The following description of the Plan is provided for general information purposes. Participants should refer to the Plan document for a more complete description of the Plan provisions. If there are any discrepancies between the terms of the Plan and this description, the terms of the Plan shall prevail. The Plan is subject to the provisions of the ERISA.
Eligibility
All employees of KGS are eligible to participate in the Plan with the exception of employees who are:
Leased employees under Section 414(n) of the Internal Revenue Code (the “Code”),
Covered by a collective bargaining agreement that does not provide for participation in the Plan,
Nonresident aliens with no U.S. source earned income,
Not on the U.S. payroll of KGS.
Additionally, individuals who are independent contractors or consultants, regardless of whether they are subsequently determined to be common law employees, are not eligible to participate.
Contributions
Employee contributions are recorded in the period in which the payroll deductions are withheld from the participant's earnings. Participants may contribute up to 75% of their compensation for each year subject to the limitations provided in the Code, which was $18,000 for those under age 50 and $24,000 for those age 50 and above for 2017.

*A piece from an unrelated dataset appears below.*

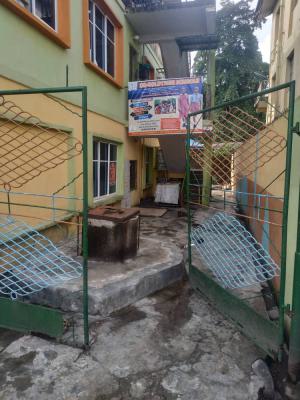 Fenced and Gated 2 Storey  Building with 6 Rooms Each  Floor, Lawani Street, Ojuelegba, Surulere, Lagos, House for Sale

KGS provides a matching contribution at the discretion of the Board of Directors. KGS contributions, if any, are funded annually in cash to the Plan for eligible participants who are employed as of the last day of the Plan year and have completed at least 1,000 hours as of the last day of the Plan year. Employees are also considered eligible participants if their employment was terminated due to death, total disability or after reaching age 55. For the year ended December 31, 2017, KGS made matching contributions equal to 25% of each participant’s eligible contributions up to 6% of compensation for the period to all eligible participants.
Rollovers
All employees who meet the Plan eligibility requirements are eligible to make cash rollover contributions to the Plan from a previous employer’s qualified retirement plan or a conduit IRA.
Participant Accounts
Participants direct the investment of their contributions into various investment options offered by the Plan. Each participant’s account is credited or charged with the participant’s contributions and allocations of KGS’s matching contributions, Plan earnings or losses, transfers into the Plan and rollovers or withdrawals out of the Plan. Effective January 1, 2015, the Plan eliminated the right of participants to make new investments in Kforce Inc. common stock.
Vesting
Participants are fully vested in their contributions plus actual earnings, if any, thereon. Vesting in KGS matching contributions and earnings, if any, is based on years of continuous service. Participants vest at the rate of 20%, 40%, 60% and 100% after two, three, four and five years of service completed, respectively. A participant is 100% vested after five years of credited service or upon death, total disability, normal retirement age or Plan termination.
In-Service Withdrawals
Participants may request the following types of in-service withdrawals from the Plan during any given calendar month:
Age 59-1/2,
Financial hardship,
Withdrawals of rollover contributions,
Qualified reservist distribution.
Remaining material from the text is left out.